The voices of users who supported the US administration’s decision were not absent from the social media discourse. They expressed the hope that increasing pressure on Iran would lead to political change and the collapse of the Islamic regime, especially considering the popular protests that have continued in recent months. Many users used the hashtags #ThankYouTrump and #WeAreCaptives, the latter echoing Trump’s statement announcing withdrawal from the agreement, in which he described the Iranian peoples as captives of a tyrannical regime ever since the Islamic revolution. Although it is impossible to assess the extent to which this position reflects the views of the Iranian public, it is clear that it was voiced mainly by Iranian exiles who, because they reside abroad, are scarcely affected by the impact of the economic sanctions.

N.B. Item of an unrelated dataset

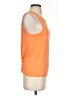 J.Crew Orange Active Tank Size S - photo 4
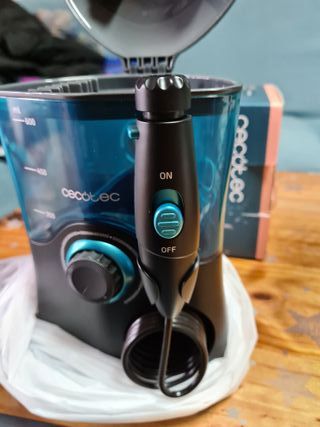 Cecotec Bamba Toothcare Jet Clean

The discourse on Iranian social media surrounding the US withdrawal from the nuclear agreement exposes the complex positions of the Iranian public, and may help assess its response to the restitution of external pressure on the country. On the one hand, the users’ reactions reflect the intensity of their fear of the agreement’s collapse and the renewal of the sanctions that might exacerbate Iran’s economic crisis. This scenario is expected to thoroughly destroy citizens’ hopes for economic improvement, strengthen criticism of the regime’s policy, and cause an upsurge in popular protests. On the other hand, they express widespread public opposition to the policy of sanctions, which have long been perceived in Iran as an illegitimate means of pressure imposed by the West that harms not only the regime, but mainly ordinary citizens. This approach may serve the regime to mobilize public support against the West, which will be portrayed as bearing primary responsibility for exacerbating the economic distress of the ordinary Iranian citizen.